Bekerja sebagai dokter PTT di daerah terpencil, membuka mata batin saya, bahwasanya tenaga kesehatan masih sangat dibutuhkan. Mengobati pasien, melihat mereka sehat, rasanya puas sekali. Dihargai masyarakat, diberi buah tangan sebagai ucapan terima kasih bahkan didoakan oleh mereka membuat saya merasa ‘berguna’. Ya, bekerja dengan hati membuat semua terasa indah.

Setahun berlalu, saya putuskan untuk tak lagi memperpanjang PTT saya, padahal letak yang strategis dengan suasana yang kondusif serta gaji yang lumayan besar harusnya membuat saya sangat betah bekerja. Tapi demi anak saya rela melepas kenyamanan tersebut. Dan karena babysitter yang sudah 2x ganti dan yang terakhir minta mundur, saya mantapkan untuk berhenti. Ya, asisten rumah tangga (ART) atau babysitter di zaman sekarang emang sangat sulit dicari, boro-boro mikir yang baik budi pekertinya, udah mau aja syukur, huff.

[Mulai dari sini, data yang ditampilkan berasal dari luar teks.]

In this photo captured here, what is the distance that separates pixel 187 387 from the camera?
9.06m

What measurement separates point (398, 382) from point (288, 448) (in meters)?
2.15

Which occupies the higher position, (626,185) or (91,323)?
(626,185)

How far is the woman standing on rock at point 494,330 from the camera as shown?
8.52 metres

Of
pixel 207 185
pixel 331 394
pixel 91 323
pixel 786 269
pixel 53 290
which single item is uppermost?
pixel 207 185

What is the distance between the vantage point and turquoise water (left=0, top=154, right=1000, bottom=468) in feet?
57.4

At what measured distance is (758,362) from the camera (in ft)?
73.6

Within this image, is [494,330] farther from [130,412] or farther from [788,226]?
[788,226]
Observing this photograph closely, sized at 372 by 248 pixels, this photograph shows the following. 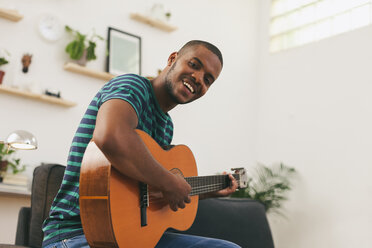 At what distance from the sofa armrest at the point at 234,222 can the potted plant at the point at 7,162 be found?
1.77 metres

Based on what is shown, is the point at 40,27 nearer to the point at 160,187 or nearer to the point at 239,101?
the point at 239,101

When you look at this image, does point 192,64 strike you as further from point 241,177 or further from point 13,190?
point 13,190

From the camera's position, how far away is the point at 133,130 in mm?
1319

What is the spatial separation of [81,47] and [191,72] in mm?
2541

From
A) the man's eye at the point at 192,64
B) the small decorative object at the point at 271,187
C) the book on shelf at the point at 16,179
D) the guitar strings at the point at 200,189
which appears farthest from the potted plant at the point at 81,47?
the man's eye at the point at 192,64

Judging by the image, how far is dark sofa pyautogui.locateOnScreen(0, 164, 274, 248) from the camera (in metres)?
1.80

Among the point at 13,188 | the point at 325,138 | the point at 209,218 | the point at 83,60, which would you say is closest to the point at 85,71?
the point at 83,60

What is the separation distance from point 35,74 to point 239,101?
2591 millimetres

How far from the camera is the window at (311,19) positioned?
463 cm

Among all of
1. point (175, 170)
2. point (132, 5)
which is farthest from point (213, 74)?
point (132, 5)

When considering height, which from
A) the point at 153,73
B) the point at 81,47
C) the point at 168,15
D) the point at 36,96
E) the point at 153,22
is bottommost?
the point at 36,96

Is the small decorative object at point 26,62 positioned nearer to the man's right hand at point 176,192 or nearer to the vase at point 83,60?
the vase at point 83,60

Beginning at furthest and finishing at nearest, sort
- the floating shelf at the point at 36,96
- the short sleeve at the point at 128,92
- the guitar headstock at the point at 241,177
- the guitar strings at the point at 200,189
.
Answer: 1. the floating shelf at the point at 36,96
2. the guitar headstock at the point at 241,177
3. the guitar strings at the point at 200,189
4. the short sleeve at the point at 128,92

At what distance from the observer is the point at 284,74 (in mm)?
5270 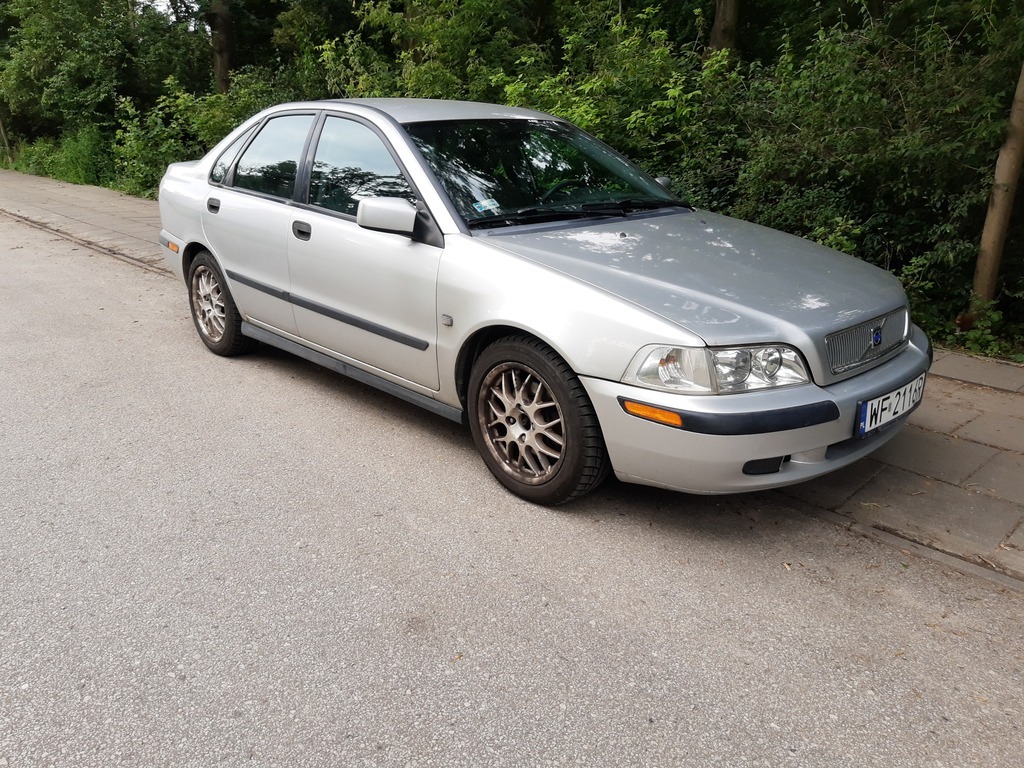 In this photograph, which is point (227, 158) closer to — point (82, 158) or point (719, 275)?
point (719, 275)

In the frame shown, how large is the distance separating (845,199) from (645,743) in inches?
211

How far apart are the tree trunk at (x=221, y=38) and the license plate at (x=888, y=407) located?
15.7 meters

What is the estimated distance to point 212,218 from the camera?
5320 millimetres

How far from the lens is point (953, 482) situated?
3.96 meters

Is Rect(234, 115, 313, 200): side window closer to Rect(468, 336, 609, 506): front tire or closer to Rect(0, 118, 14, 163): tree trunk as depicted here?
Rect(468, 336, 609, 506): front tire

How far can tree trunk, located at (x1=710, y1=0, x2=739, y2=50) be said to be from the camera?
36.7ft

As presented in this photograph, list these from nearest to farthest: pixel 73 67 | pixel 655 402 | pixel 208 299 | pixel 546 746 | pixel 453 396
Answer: pixel 546 746 → pixel 655 402 → pixel 453 396 → pixel 208 299 → pixel 73 67

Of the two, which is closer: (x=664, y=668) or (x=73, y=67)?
(x=664, y=668)

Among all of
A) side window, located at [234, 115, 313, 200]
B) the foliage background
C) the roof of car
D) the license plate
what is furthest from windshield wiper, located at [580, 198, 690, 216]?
the foliage background

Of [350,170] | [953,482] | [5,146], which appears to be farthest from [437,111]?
[5,146]

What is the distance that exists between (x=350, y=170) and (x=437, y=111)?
564 millimetres

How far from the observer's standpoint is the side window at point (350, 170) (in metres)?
4.21

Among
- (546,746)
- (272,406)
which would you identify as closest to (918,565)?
(546,746)

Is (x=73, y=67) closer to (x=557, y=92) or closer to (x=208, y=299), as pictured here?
(x=557, y=92) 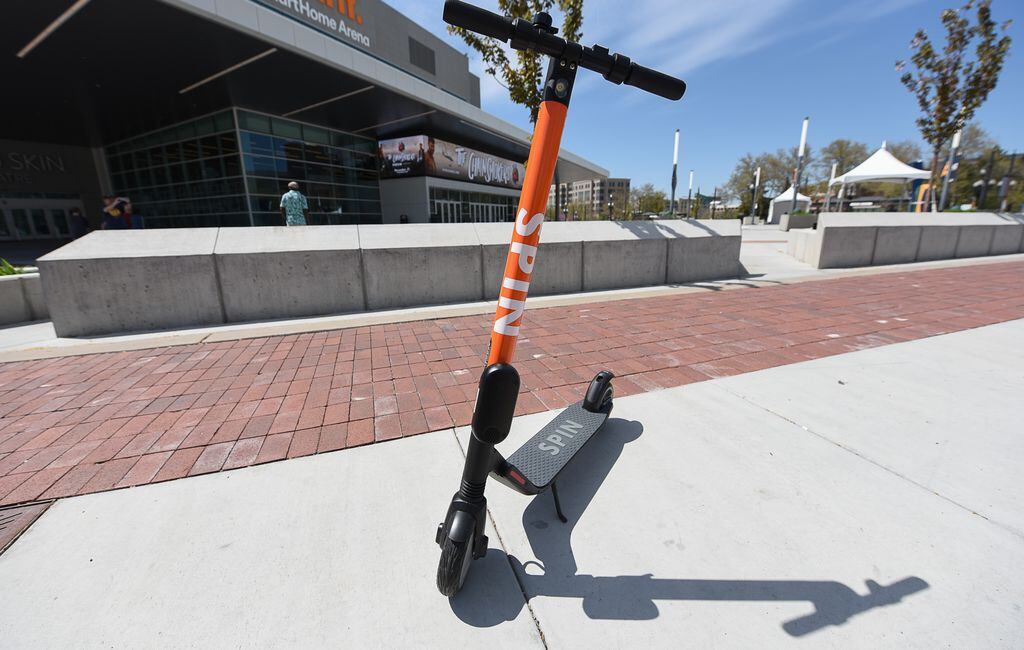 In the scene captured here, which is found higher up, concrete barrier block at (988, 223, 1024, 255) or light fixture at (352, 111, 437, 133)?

Kini, saya kembali menjadi ibu rumah tangga, bahagia pasti. Mengurus anak, melihat dia tumbuh, menjadi orang pertama yang melihat perkembangannya, tak akan pernah terganti dan terulang. Pengorbanan? Ya pasti ada, kenyamanan dan aktualisasi diri ketika bekerja dan ‘uang jajan’ kini tak ada lagi. Saya harus puas dengan pendapatan suami saja. That’s life penuh dengan pilihan. Saya sudah memilih jalan ini, saya tidak pernah malu menjadi ibu rumah tangga, yang bekerja 24 jam dalam seminggu, non stop, karena bayarannya sangat tinggi yaitu : CINTA.

So, ketika orang berdebat siapa yang lebih hebat apakah full time mother atau working mother. Jawaban saya, semua hebat! Semua ada kelebihan dan kekurangan. Semua insya Allah atas kepentingan keluarga dan insya Allah pahala ganjarannya. Yang menjadi tidak baik adalah ketika ibu rumah tangga tidak menjalankan tugasnya dan ibu bekerja yang tak lagi menghiraukan keluarganya.

In the end, saya gak tau bagaimana masa depan saya, apakah akan kembali bersekolah dan bekerja atau selamanya menjadi full time mother. Yang saya tau, saya ingin melakukan yang terbaik saat ini, menikmati apa yang ada dihadapan saya sekarang. Karena sangatlah merugi kalau saya mengeluh ini-itu, atau terus berandai begini begitu, toh hidup gak ada yang sempurna kan moms. Jadi, bagi yang masih galau memilih diantara dua profesi ini, tetap pikirkan yang terbaik, baik untuk diri sendiri dan keluarga tentunya. Dan setelah memilih enjoy saja, jadikan setiap kegiatan kita sebagai ibadah as a full time mother or a working mother.